*** Exercise data Section Begins ***

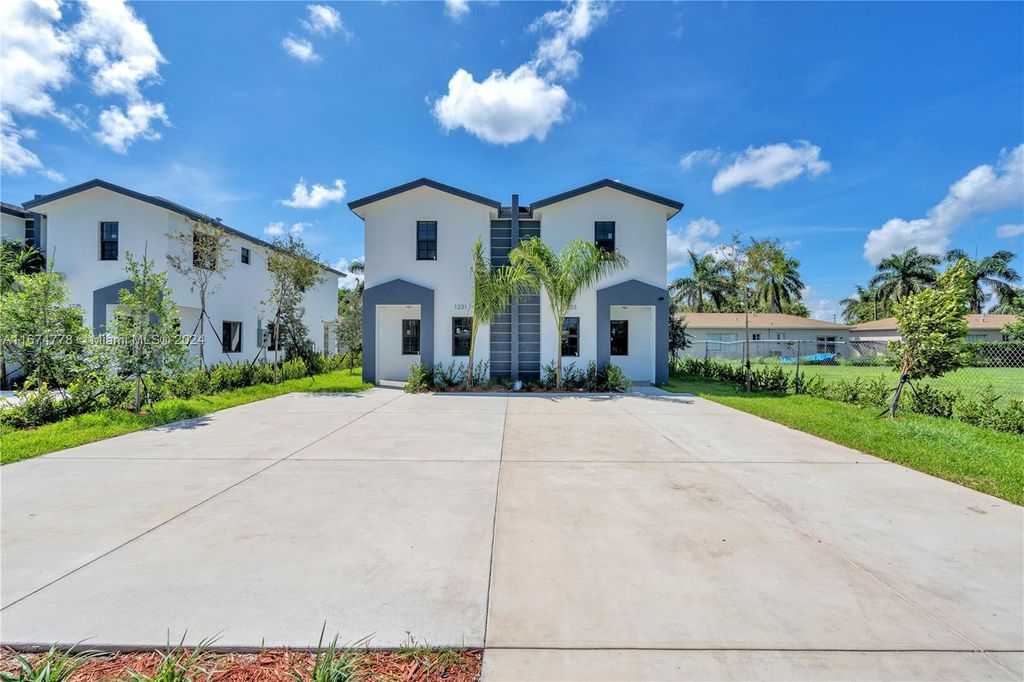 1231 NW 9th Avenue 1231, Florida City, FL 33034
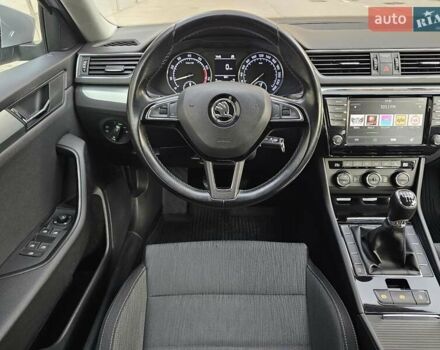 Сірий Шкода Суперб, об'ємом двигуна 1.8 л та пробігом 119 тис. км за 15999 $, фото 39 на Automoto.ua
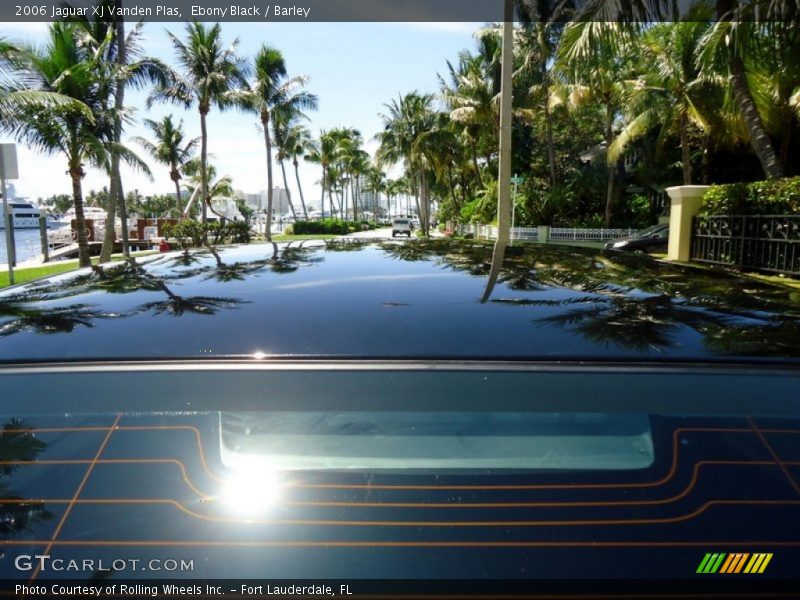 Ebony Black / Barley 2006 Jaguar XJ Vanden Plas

*** Exercise data Section Ends ***

What this task involves
What is needed is an exact transcription of the lines from the one holding "Сірий Шкода Суперб, об'ємом" to the end of the data, with every picture left out.

Reply to the task
 Сірий Шкода Суперб, об'ємом двигуна 1.8 л та пробігом 119 тис. км за 15999 $, фото 39 на Automoto.ua
 Ebony Black / Barley 2006 Jaguar XJ Vanden Plas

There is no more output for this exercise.